## RECORD SET
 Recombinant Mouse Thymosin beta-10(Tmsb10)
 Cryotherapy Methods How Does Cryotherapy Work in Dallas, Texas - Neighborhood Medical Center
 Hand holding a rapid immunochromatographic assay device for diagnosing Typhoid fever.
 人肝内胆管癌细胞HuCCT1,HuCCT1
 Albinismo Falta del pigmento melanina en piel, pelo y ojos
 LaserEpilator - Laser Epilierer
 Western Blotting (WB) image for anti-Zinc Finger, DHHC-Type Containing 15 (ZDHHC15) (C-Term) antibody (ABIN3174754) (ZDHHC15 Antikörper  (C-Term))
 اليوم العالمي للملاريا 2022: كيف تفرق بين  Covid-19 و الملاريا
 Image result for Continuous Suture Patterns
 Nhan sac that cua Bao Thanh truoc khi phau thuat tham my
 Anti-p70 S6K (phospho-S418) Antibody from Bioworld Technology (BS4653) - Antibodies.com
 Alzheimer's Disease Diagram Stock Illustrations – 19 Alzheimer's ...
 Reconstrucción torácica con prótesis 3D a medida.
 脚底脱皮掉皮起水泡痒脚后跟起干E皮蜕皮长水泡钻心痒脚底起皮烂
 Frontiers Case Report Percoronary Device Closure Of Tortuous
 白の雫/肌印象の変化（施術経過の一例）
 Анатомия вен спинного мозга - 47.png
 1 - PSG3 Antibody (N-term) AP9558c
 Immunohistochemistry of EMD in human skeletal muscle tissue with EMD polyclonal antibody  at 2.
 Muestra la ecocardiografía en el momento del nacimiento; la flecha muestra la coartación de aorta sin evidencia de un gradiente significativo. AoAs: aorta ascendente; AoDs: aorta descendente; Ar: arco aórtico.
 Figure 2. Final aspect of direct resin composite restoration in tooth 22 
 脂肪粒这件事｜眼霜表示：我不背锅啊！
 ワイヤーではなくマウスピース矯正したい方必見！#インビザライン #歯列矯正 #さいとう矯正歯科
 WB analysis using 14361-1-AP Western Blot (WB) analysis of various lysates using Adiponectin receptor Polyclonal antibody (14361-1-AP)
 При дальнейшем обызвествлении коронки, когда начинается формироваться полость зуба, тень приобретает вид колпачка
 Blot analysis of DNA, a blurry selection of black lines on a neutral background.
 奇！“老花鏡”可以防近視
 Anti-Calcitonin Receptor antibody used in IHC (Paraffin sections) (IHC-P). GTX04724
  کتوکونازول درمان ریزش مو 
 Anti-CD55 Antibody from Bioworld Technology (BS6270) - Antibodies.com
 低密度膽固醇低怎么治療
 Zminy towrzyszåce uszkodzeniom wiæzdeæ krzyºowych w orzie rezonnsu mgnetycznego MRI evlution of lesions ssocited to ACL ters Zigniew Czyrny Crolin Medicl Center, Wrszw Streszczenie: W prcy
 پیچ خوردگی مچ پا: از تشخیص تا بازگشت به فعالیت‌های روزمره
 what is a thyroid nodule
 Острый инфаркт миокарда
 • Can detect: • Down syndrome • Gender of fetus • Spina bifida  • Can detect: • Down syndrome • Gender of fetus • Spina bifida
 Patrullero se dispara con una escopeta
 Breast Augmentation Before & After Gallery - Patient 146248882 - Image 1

## REQUIRED ACTION
Out of the data above, transcribe exactly and only the lines starting with the line that has "Alzheimer's Disease Diagram" and going on through the line that has "WB analysis using", both included.

## WRITTEN RESPONSE
 Alzheimer's Disease Diagram Stock Illustrations – 19 Alzheimer's ...
 Reconstrucción torácica con prótesis 3D a medida.
 脚底脱皮掉皮起水泡痒脚后跟起干E皮蜕皮长水泡钻心痒脚底起皮烂
 Frontiers Case Report Percoronary Device Closure Of Tortuous
 白の雫/肌印象の変化（施術経過の一例）
 Анатомия вен спинного мозга - 47.png
 1 - PSG3 Antibody (N-term) AP9558c
 Immunohistochemistry of EMD in human skeletal muscle tissue with EMD polyclonal antibody  at 2.
 Muestra la ecocardiografía en el momento del nacimiento; la flecha muestra la coartación de aorta sin evidencia de un gradiente significativo. AoAs: aorta ascendente; AoDs: aorta descendente; Ar: arco aórtico.
 Figure 2. Final aspect of direct resin composite restoration in tooth 22 
 脂肪粒这件事｜眼霜表示：我不背锅啊！
 ワイヤーではなくマウスピース矯正したい方必見！#インビザライン #歯列矯正 #さいとう矯正歯科
 WB analysis using 14361-1-AP Western Blot (WB) analysis of various lysates using Adiponectin receptor Polyclonal antibody (14361-1-AP)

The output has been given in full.